New Jersey in the 1800s had a cottage system where blacks, although not technically owned as chattels, still worked for whites in an early version of sharecropping. In the 20th century and still today, redlining existed, where black communities are designated as “too risky” to qualify for mortgages.
By the 1940s, although about 25,000 New Jerseyans had fought in World War II, less than a hundred “non-white” veterans in New York and northern New Jersey received one of the 67,000 mortgages offered under the GI Bill.
And even during the financial crisis of the turn of this century, black communities were targeted by predatory lending through subprime mortgages, leading to a disproportionate loss of wealth during the Great Recession. Today, black borrowers in New Jersey remain the most likely to receive a subprime mortgage.
And so it is that generations of institutional racism, public policy and social exclusion – like cracks weakening our foundation – burst into earthquakes in black communities and manifest themselves as some of the worst racial disparities in all of America. America.

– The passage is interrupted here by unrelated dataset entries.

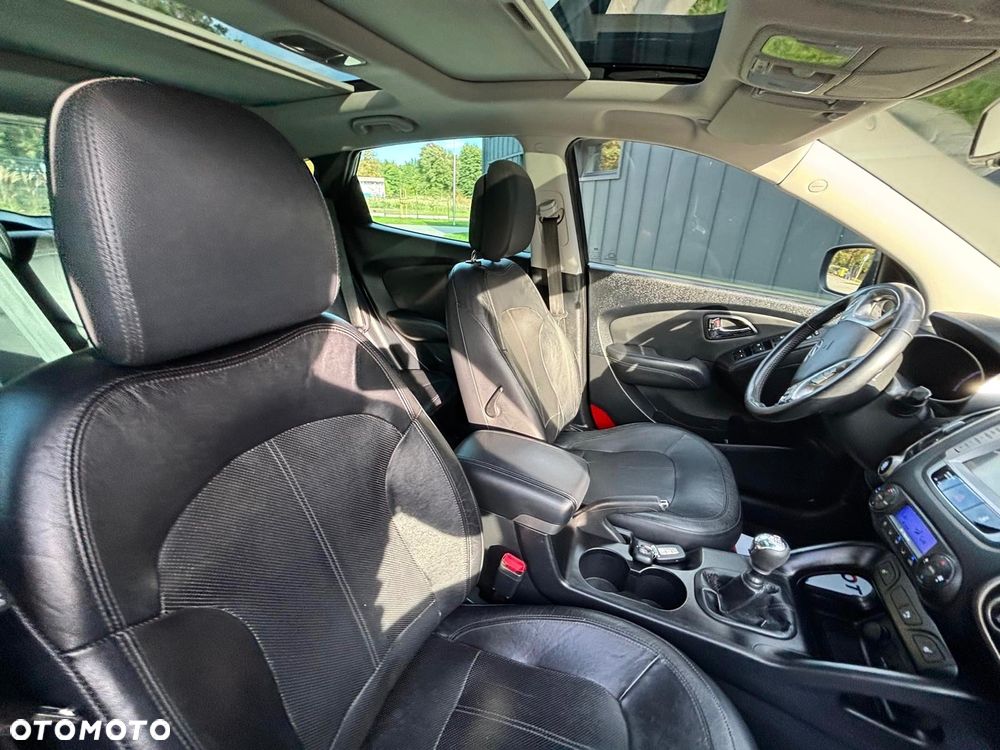 Hyundai ix35 - 21
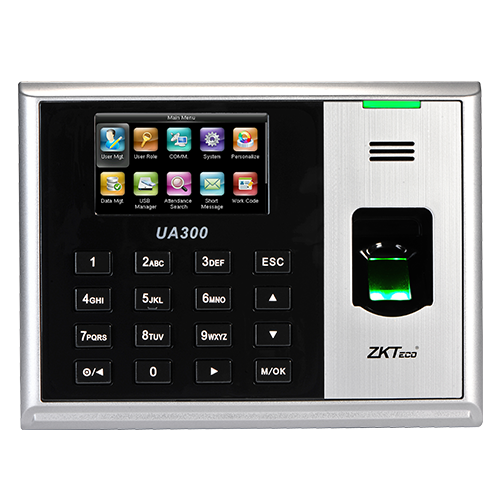 ZKTeco: UA300-ID Fingerprint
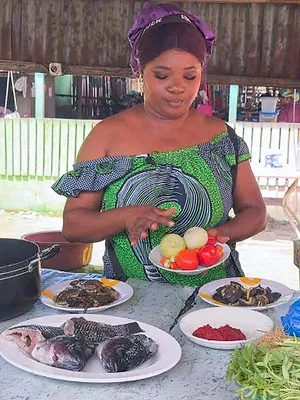 Voyage en cuisine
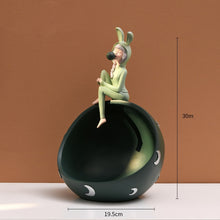 Load image into Gallery viewer, Rabbit Lady Storage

This divides our state in two. So how do you make the two New Jerseys one? Because our current inequalities were created by policy design, their solution must be too.
As we set out in our Two New Jerseys report released today, we must pursue policies regarding the expansion of homeownership, work and benefits opportunities, intergenerational availability of wealth creation, student loan forgiveness, and most importantly , the repairs.
A bill pending in the New Jersey Legislature to establish a reparations task force would be a key step in thoroughly studying these issues and proposing strategic restorative policies. Online, you can urge elected officials to pass it.
We need to talk to each other about who we are and who we want to be, as a state and as a nation. At a time when efforts are being made across the country to end conversations about slavery and racism, this is more important than ever.
Please join me tonight at 6:00 p.m. for the New Jersey Fund and Co-Sponsor Launch Event, IMAGINE MORE: Racial justice starts with us series, “Eliminating the Racial Wealth Gap and Ending Poverty,” where I, along with other advocates, will talk about how to close the racial wealth gap.
These issues may seem daunting, but they are not as daunting as the power of advocacy. The power of justice. The power of us.
Together we can make two New Jerseys one.
Andrea McCrian is Director of Law and Policy for the New Jersey Institute for Social Justice.